(Beginning of Source data)

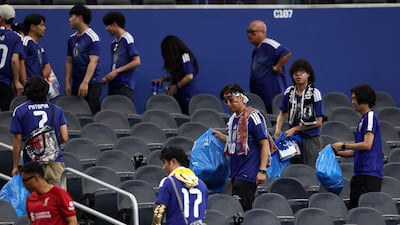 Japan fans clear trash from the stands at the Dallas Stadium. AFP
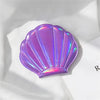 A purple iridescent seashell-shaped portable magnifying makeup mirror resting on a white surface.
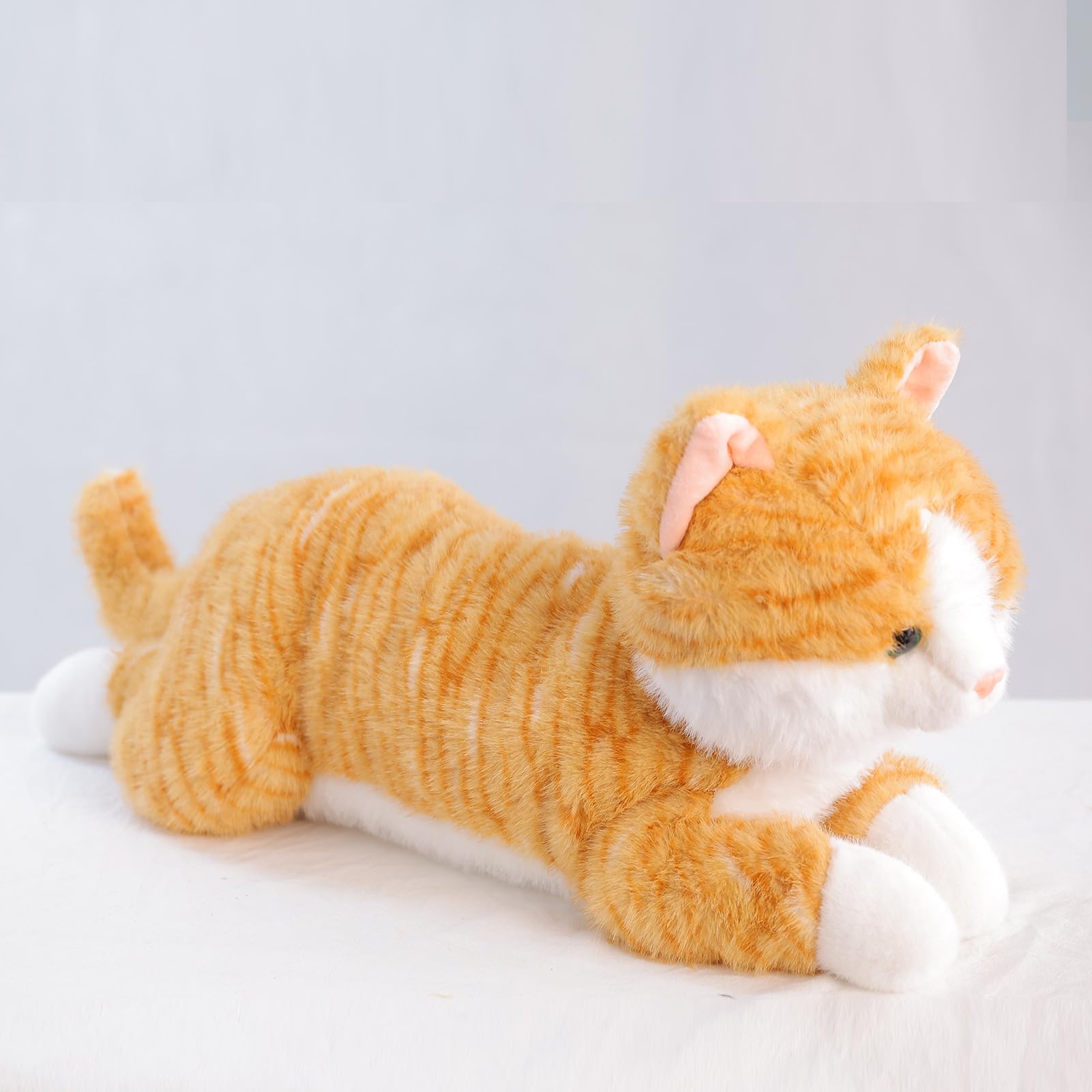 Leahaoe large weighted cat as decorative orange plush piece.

(End of Source data)

◆ Task goal
The expected output is exactly the lines from the one containing "A purple iridescent" through the last line of the listing, both included, with every picture left out.

◆ Exercise result
 A purple iridescent seashell-shaped portable magnifying makeup mirror resting on a white surface.
 Leahaoe large weighted cat as decorative orange plush piece.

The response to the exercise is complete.